RAW DATA:

+ + + + +

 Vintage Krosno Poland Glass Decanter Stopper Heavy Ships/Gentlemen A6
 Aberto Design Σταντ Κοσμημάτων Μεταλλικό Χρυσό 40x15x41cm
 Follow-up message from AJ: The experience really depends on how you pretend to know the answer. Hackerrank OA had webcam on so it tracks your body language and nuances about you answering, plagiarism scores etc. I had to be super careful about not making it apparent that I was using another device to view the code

+ + + + +

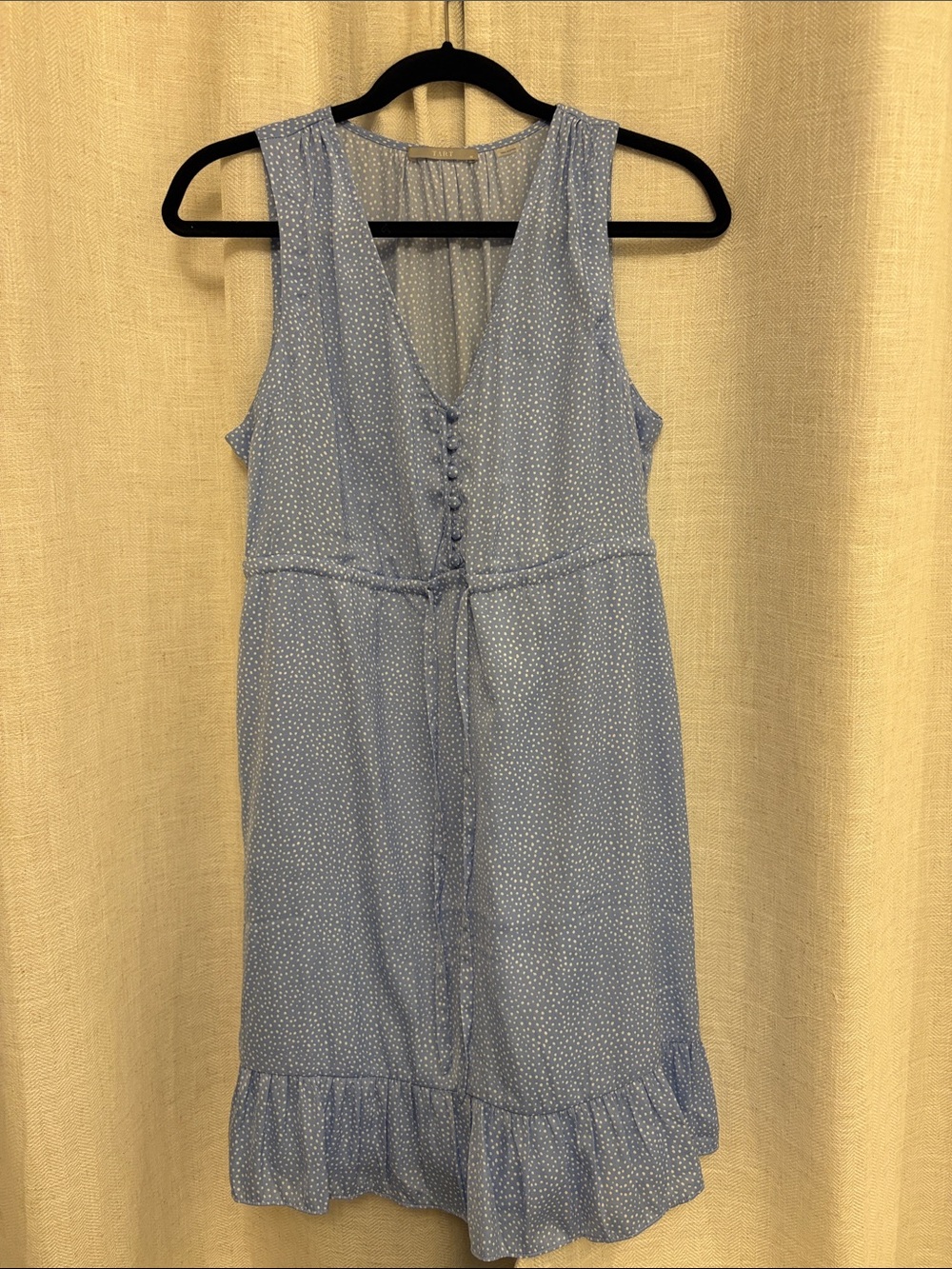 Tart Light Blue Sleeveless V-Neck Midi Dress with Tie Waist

+ + + + +

PROBLEM TO SOLVE: In the listing above, locate the line containing "Vintage Krosno Poland" and the line containing "Follow-up message from". Transcribe those two lines and everything between them, exactly as written.

ANSWER BOX:
 Vintage Krosno Poland Glass Decanter Stopper Heavy Ships/Gentlemen A6
 Aberto Design Σταντ Κοσμημάτων Μεταλλικό Χρυσό 40x15x41cm
 Follow-up message from AJ: The experience really depends on how you pretend to know the answer. Hackerrank OA had webcam on so it tracks your body language and nuances about you answering, plagiarism scores etc. I had to be super careful about not making it apparent that I was using another device to view the code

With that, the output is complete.